━━━ Data

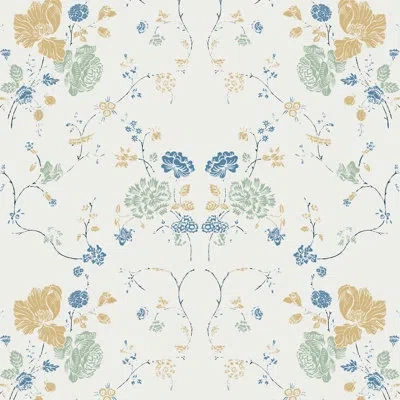 Mitchell Black Nomad Floral Lace 10' L X 24" W Wallpaper Roll In Natural Cotton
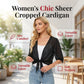 📢50 % DE RÉDUCTION⏰Top/Blouse Femme en Chiffon Transparent à Nœud Devant – Coupe Courte, Décolleté en V, Style Romantique & Élégant, Parfait pour Superposition🍷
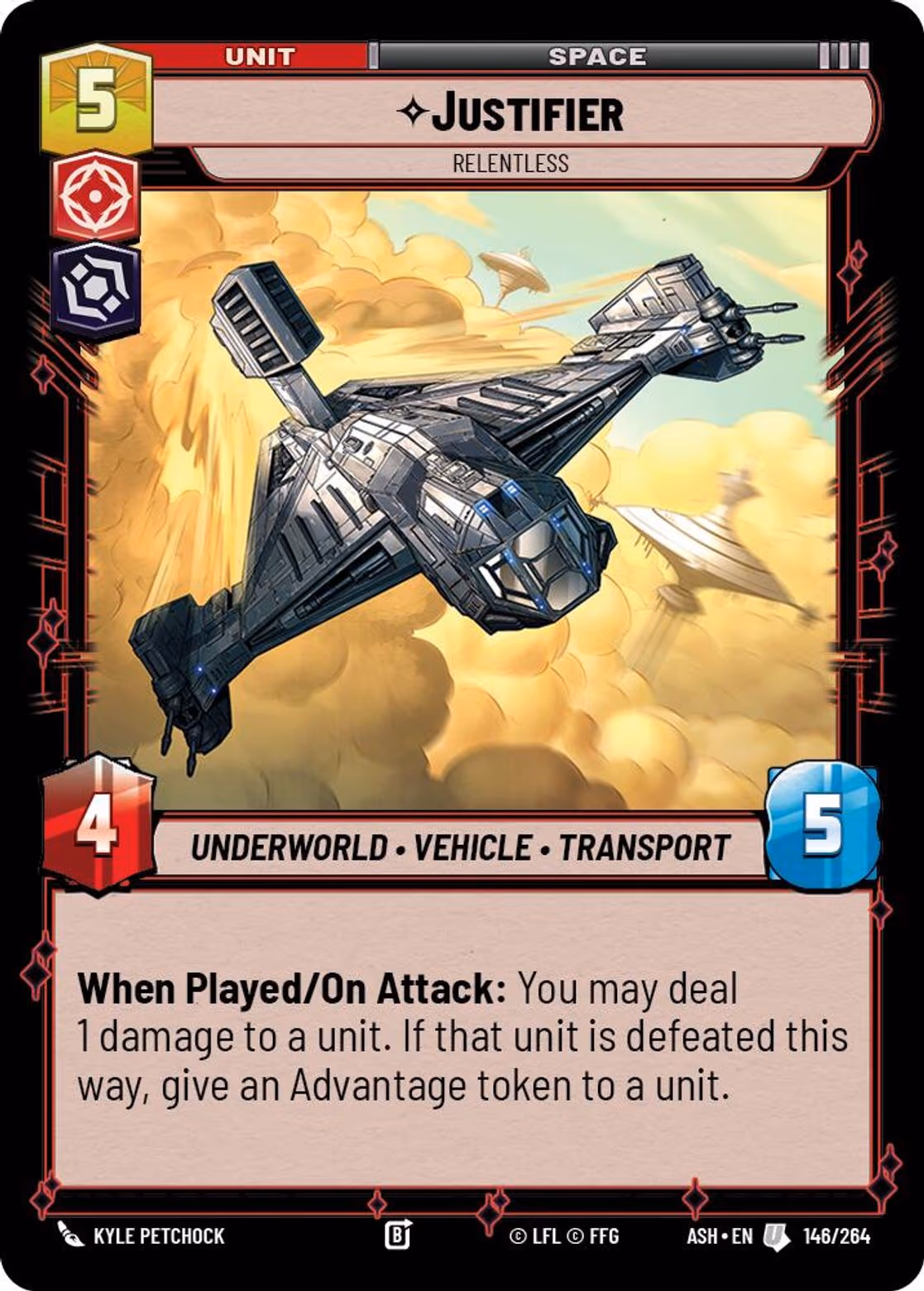 Justifier - Relentless ASH-146 Star Wars Unlimited card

━━━━━━

Problem: Print the data again, word for word, without any pictures.

Output of the task:
 Mitchell Black Nomad Floral Lace 10' L X 24" W Wallpaper Roll In Natural Cotton
 📢50 % DE RÉDUCTION⏰Top/Blouse Femme en Chiffon Transparent à Nœud Devant – Coupe Courte, Décolleté en V, Style Romantique & Élégant, Parfait pour Superposition🍷
 Justifier - Relentless ASH-146 Star Wars Unlimited card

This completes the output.